On Tue, 4 Oct 2005, Tomasz K³oczko wrote:
>
> On Mon, 3 Oct 2005, Linus Torvalds wrote:
> [..]
> > This is especially common in the "cheap" market. For example, for SCSI,
> > most of the violations tend to be USB storage - which is supposed to act
> > largely like SCSI, but in reality really doesn't. It locks up if you
> > try to access sectors that aren't there, etc.
>
> Yes .. of course .. but please don't tap some words (without this kind
> comment) which sounds like rules [1]. *Especialy if* talk is about *one*
> specified piece of hardware.
What "one" piece of hardware? There's a hell of a lot more broken USB
devices out there (and no, it's not "one" type either) than there will
probably _ever_ be SAS devices.
And the thing is, from a kernel _maintenance_ standpoint, the broken
hardware is the one that is expensive. Maybe only 0.1% of all hardware
ends up having some bugs - but that doesn't matter. It may look like a
"small" percentage to you, but it ends up being a _huge_ burden on
developers to try to figure out what is going on, often _exactly_ because
it's a small percentage, and the developers don't have it.
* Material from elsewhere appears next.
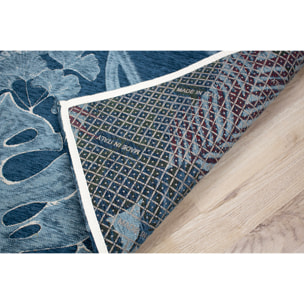 TAPPETO ARREDO DIS. AMAZZONIA BLU INDACO MIS. 115X175 CM CON ANTISCIVOLO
So the argument that "most hardware conforms to spec" is not a valid
argument. Not if it's 51%, and not if it's 99.9%. Because the cost is in
the ones that don't.
And that is why I'm trying to educate people that specs are purely paper.
Often much less valuable than a roll of TP.
Because what matters is not the spec, but real life. For example, in the
SCSI layer we've ended up being much more successful with the approach of
trying to use the same discovery sequence as Windows - because unlike the
spec, that's REAL LIFE, and that's the case that actually works.
The same way software inevitably has bugs in areas that haven't been
tested, hardware has bugs in areas that haven't been tested. It has
nothing to do with specs, and no, specs don't make people test it.